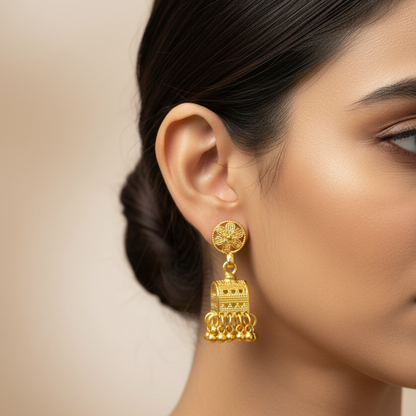 92.5 Silver Gold Plated Jhumka Earrings for Women | Traditional Elegant Design | Festive Jewellery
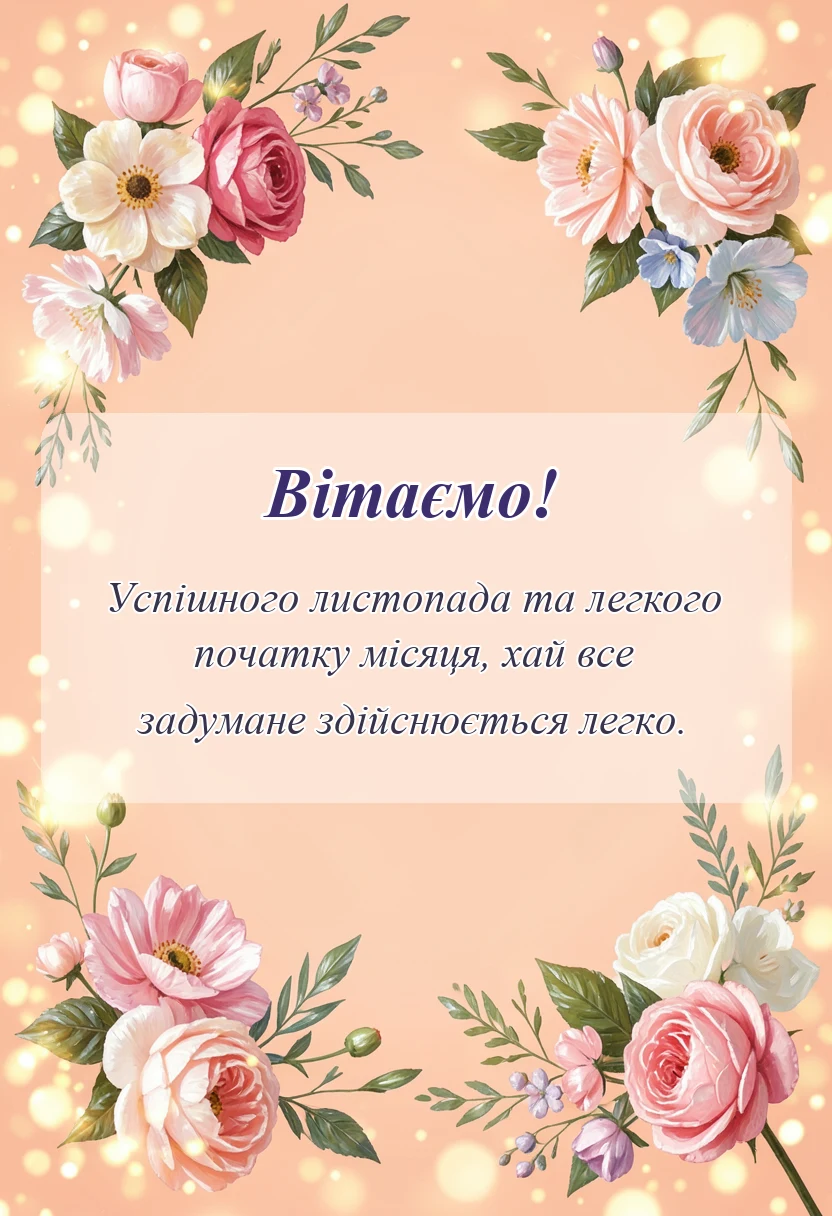 святкова картинка: картинки з першим днем листопада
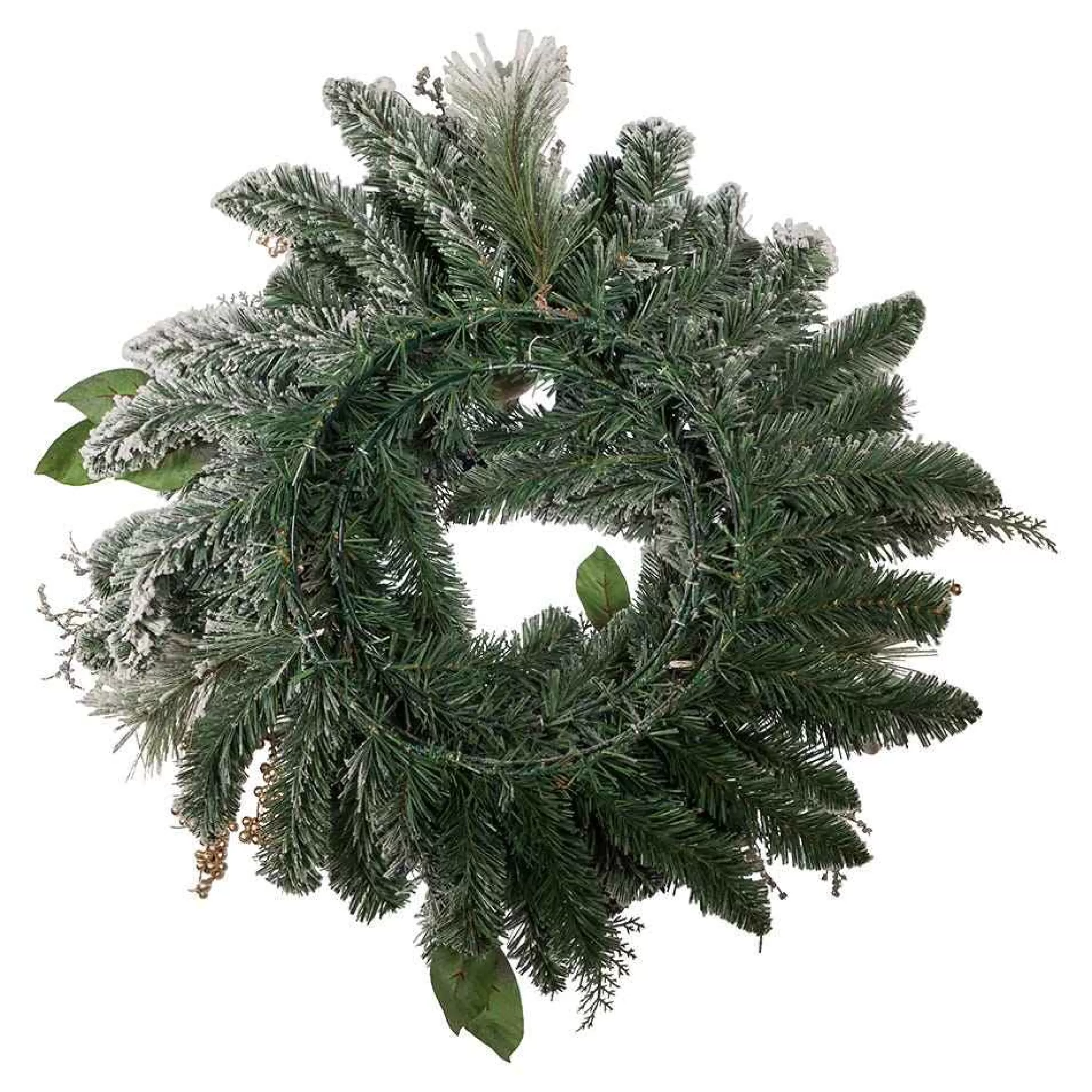Kurt Adler 24-Inch Blue And Gold Poinsettia Decorated Flocked Wreath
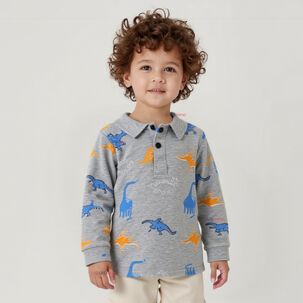 JUMP KIDS Polera Piqué Manga Larga Niño Con Estampado De Dinosaurios Gris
★ ★ ★ ★ ★
**TASK BRIEF**
Return the material exactly as it reads, though without the pictures it holds.

**PROBLEM SOLUTION**
 92.5 Silver Gold Plated Jhumka Earrings for Women | Traditional Elegant Design | Festive Jewellery
 святкова картинка: картинки з першим днем листопада
Kurt Adler 24-Inch Blue And Gold Poinsettia Decorated Flocked Wreath
 JUMP KIDS Polera Piqué Manga Larga Niño Con Estampado De Dinosaurios Gris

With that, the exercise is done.